§ Task prompt: Output, exactly as written, the lines below starting at the line containing "中国广东深圳K11 ECOAST航拍夜景" and ending at the line containing "Sanuk Men's Cosmic Seas MeshFlip-Flop". Drop the pictures and keep both end lines.

-- Data to process follows --

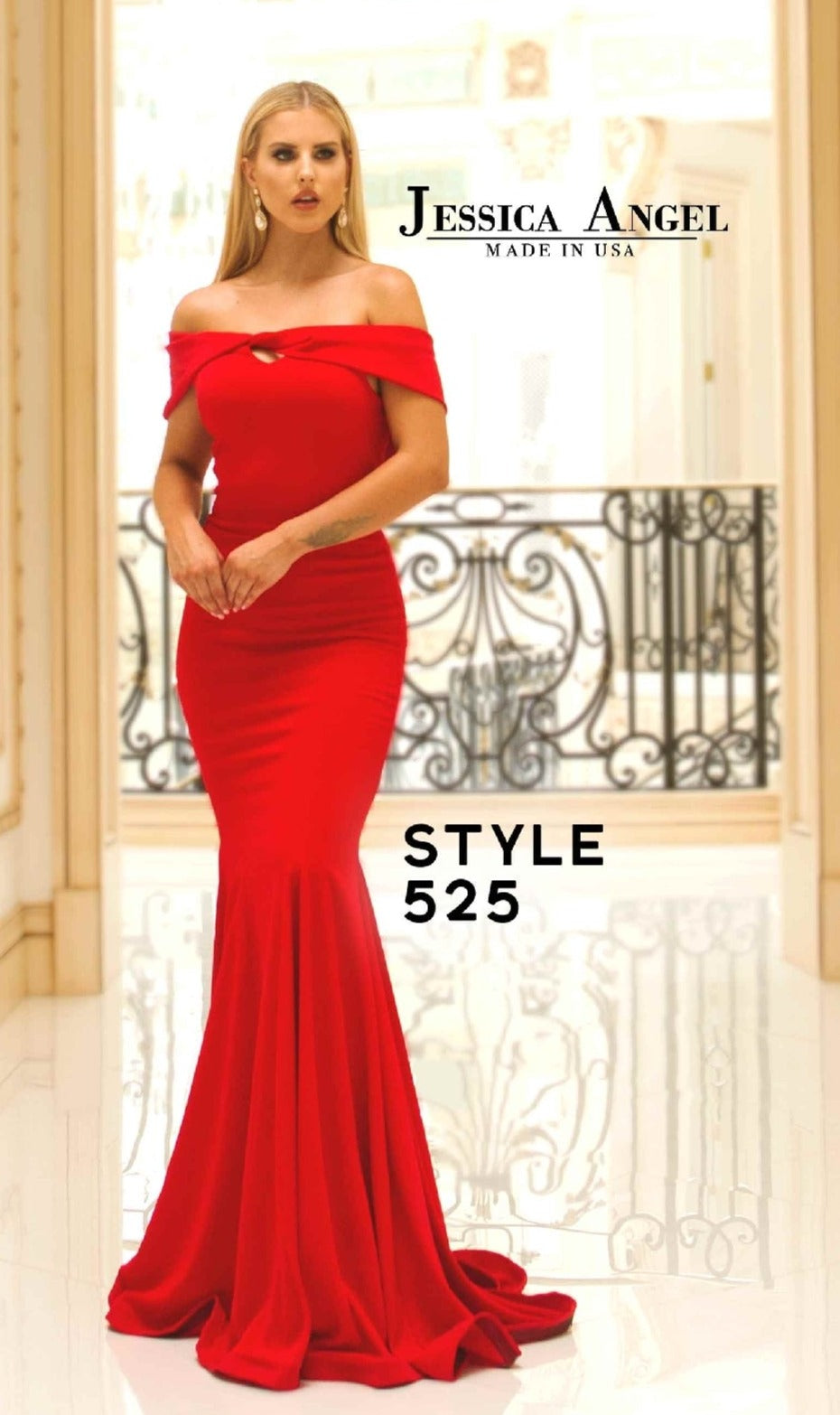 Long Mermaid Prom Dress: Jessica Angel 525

-- Data to process concluded --
-- Data to process follows --

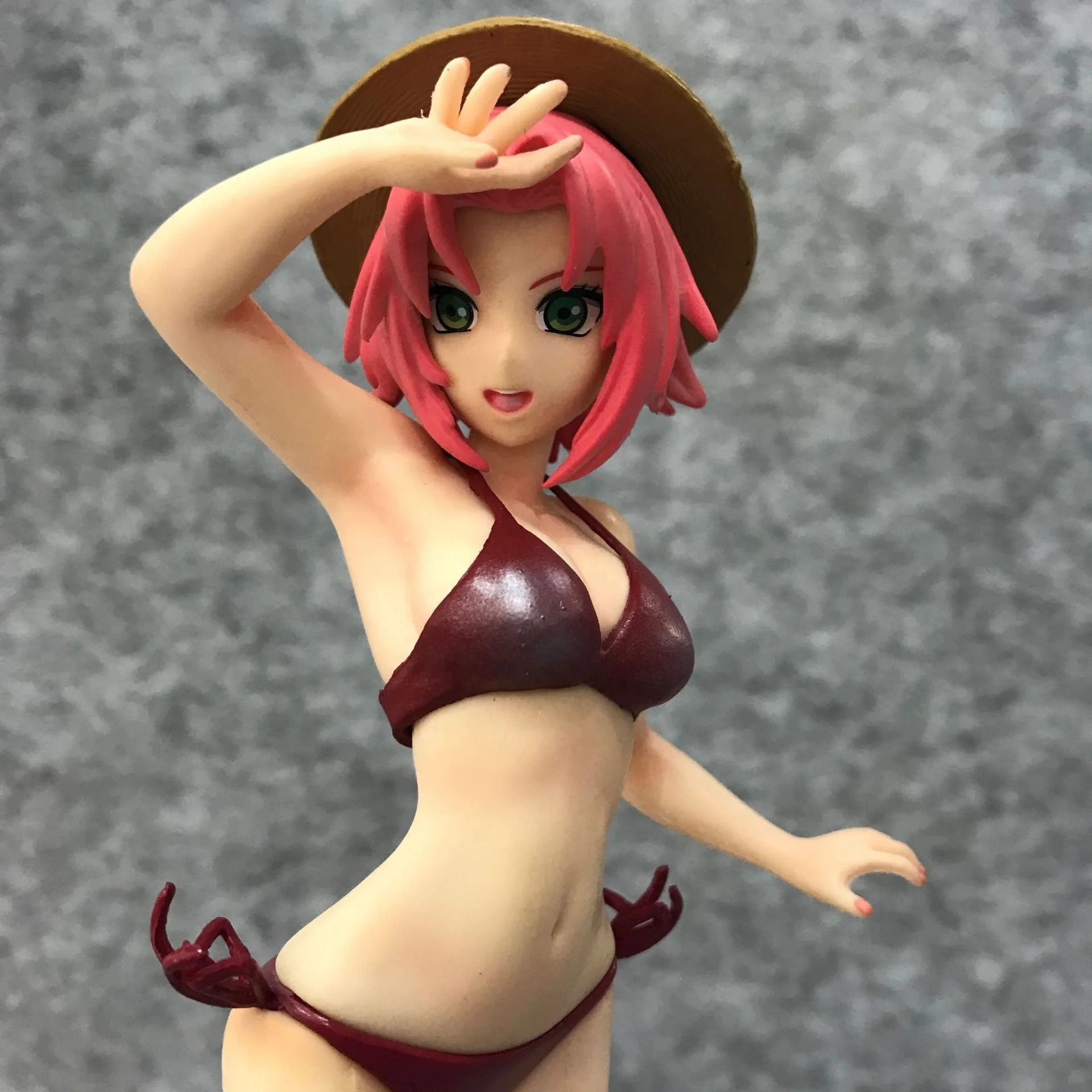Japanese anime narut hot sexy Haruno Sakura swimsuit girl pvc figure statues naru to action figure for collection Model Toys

-- Data to process concluded --
-- Data to process follows --

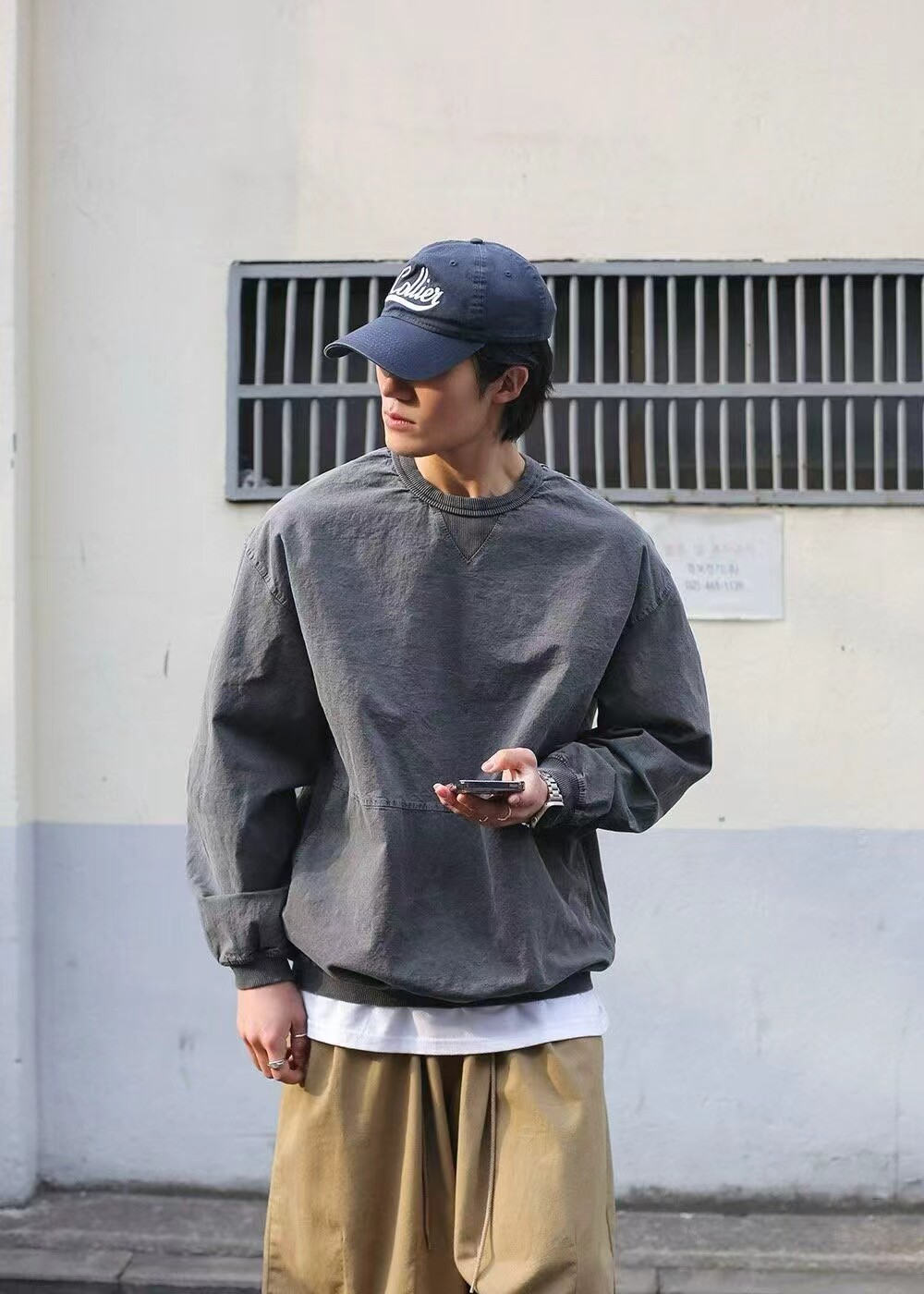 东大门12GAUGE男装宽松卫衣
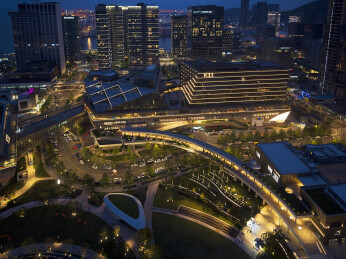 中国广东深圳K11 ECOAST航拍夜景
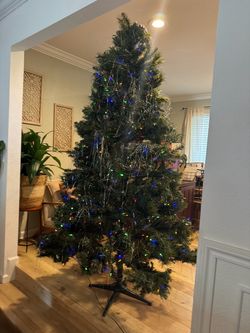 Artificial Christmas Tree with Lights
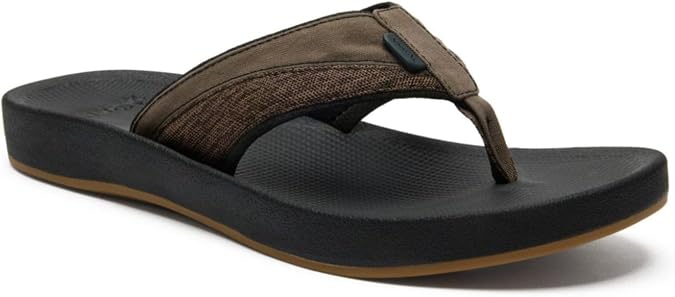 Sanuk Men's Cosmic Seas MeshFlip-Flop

-- Data to process concluded --

§ Output below:
 中国广东深圳K11 ECOAST航拍夜景
 Artificial Christmas Tree with Lights
 Sanuk Men's Cosmic Seas MeshFlip-Flop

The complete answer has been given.